Kedua, mendorong UE menurunkan hambatan ekspor, terutama untuk beberapa produk andalan Indonesia. Misalnya ketentuan (non-tarif) yang dikenakan pada ekspor CPO, sebagai produk ekspor terbesar Indonesia. Dalam hal ini Indonesia juga harus segera menindaklajuti kerjasama dengan Malaysia (Council of Palm Oil Production Countries) karena bila kerjasama tersebut tidak ditindaklanjuti dengan cepat dan tepat, justru dapat berpotensi mengurangi permintaan.

Begitu juga dengan penurunan tarif produk manufaktur ekspor utama Indonesia yang terkena tarif tinggi, seperti produk-produk alas kaki yang merupakan ekspor terbesar kedua setelah CPO dan padat karya.

Ketiga, harus ada strategi baru untuk memperluas pangsa pasar, khususnya mengingat pangsa ekspor Indonesia selama ini yang lebih rendah dibanding negara pesaing, meskipun mendapatkan tarif rate yang sama.
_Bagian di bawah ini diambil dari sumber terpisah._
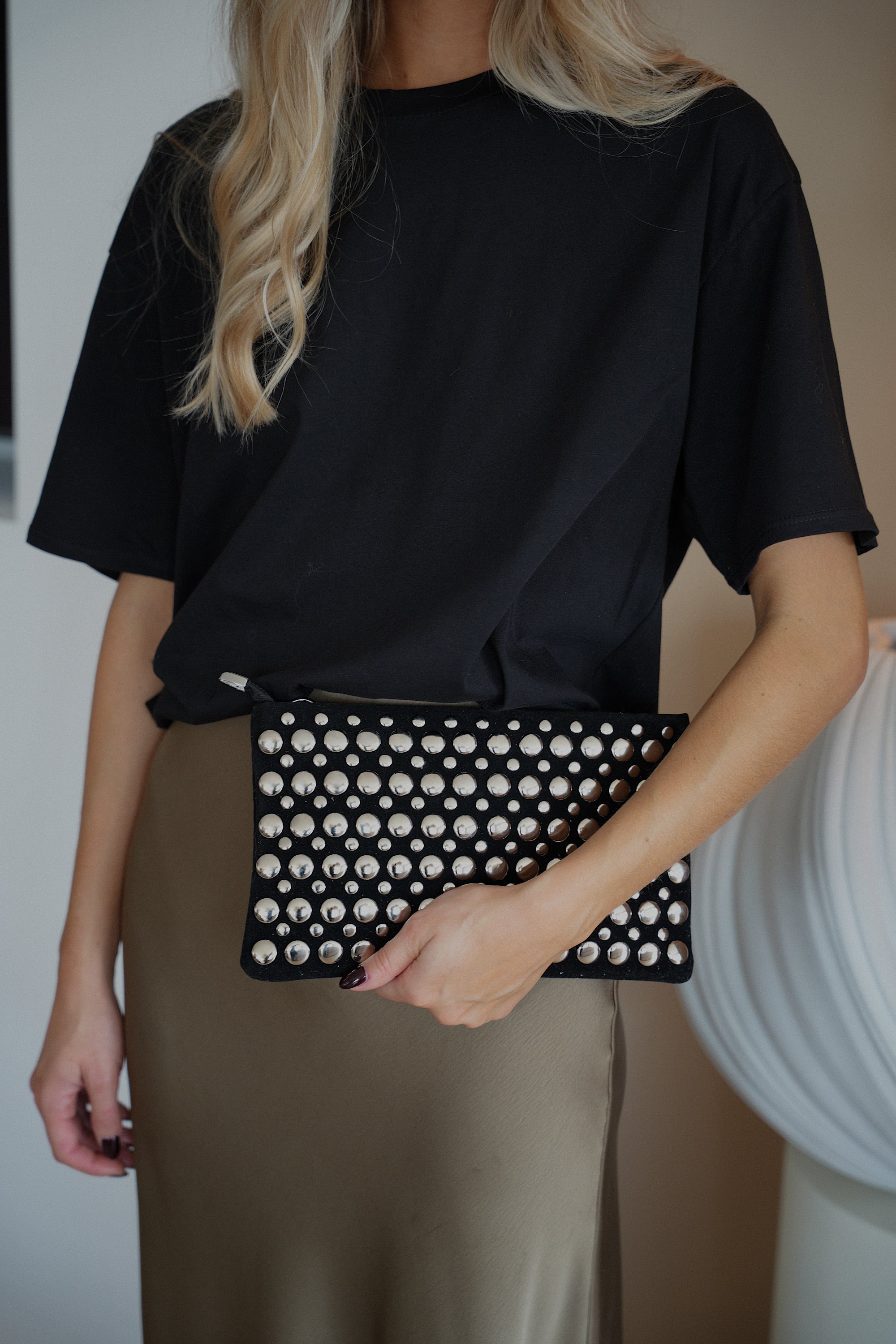 Revan Black - Studded Clutch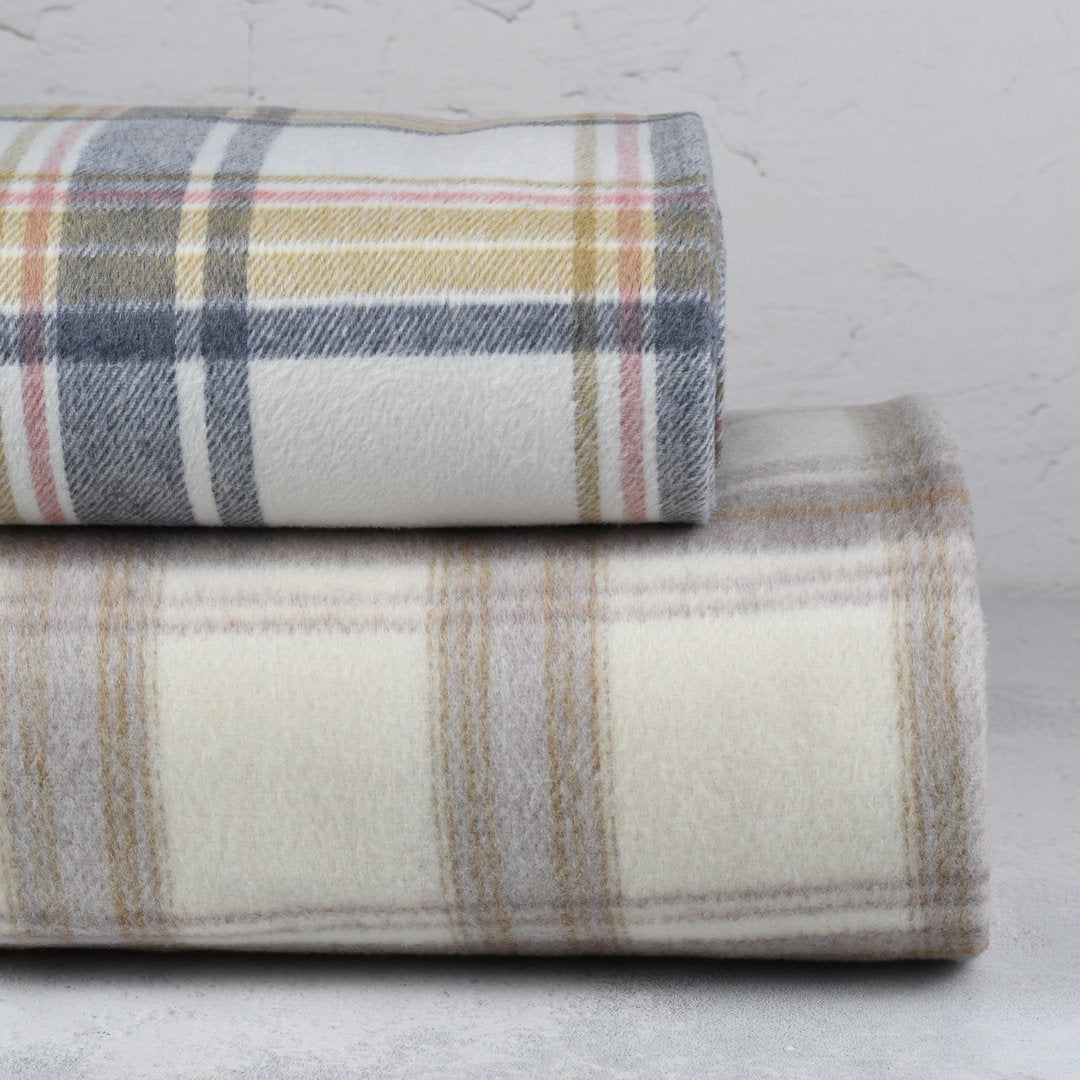 Mantelstoff "brushed checks" - ecru/grau *Videovorstellung*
Bila tidak memungkinkan meningkatkan daya saing dengan strategi harga, harus ada pengembangan komoditas ekspor baru dengan segmen pasar yang lebih luas.
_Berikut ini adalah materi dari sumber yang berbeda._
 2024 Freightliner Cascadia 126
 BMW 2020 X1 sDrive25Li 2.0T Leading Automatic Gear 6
Keempat, patut di catat bila IEU CEPA sebagai upaya peningkatan partisipasi dalam rantai pasok global (Global Value Chain) tidak akan banyak membawa keuntungan jika peran Indonesia dalam GVC hanya sebatas pemasok bahan mentah. Oleh karena itu,  perlu perumusan peran dan strategi apa yang akan diambil Indonesia dalam GVC dengan kerjasama IEU CEPA.  Semestinya, Indonesia bukan hanya berperan di hulu dari proses produksi dunia, tapi mendorong agar dapat mengambil peran di hilir proses produksi (manufaktur) yang memiliki nilai tambah lebih tinggi:

Selain itu, untuk mendorong partisipasi Indonesia dalam GVC dengan Eropa, maka diperlukan kerjasama dalam manufaktur dengan mekanisme alih teknologi yang jelas dan kerjasama riset dan teknologi yang memiliki linkage dengan pengembangan/kerjasama industri harus menjadi prioritas

Kelima, Indonesia perlu melakukan percepatan peningkatan daya saing industri manufaktur domestik untuk mengantisipasi peningkatan masuknya produk manufaktur impor dari UE. Peta jalan (roadmap) untuk peningkatan daya saing industri nasional ini perlu disesuaikan dengan pentahapan dan penjadwalan (seperti jadwal penurunan hambatan tarif impor atau non-tarif) dari kesepakatan-kesepakatan kerjasama ekonomi Indonesia dengan negara lain, termasuk dengan IEU CEPA.

Terakhir, pertimbangan mengenai manfaat IEU CEPA semestinya tidak terlalu terfokus pada aspek perdagangan (mengejar peningkatan ekspor), tetapi secara seimbang mempertimbangkan manfaat pada aspek-aspek lain, seperti kerjasama investasi, ketenagakerjaan, hak kekayaan intelektual (HKI), dll.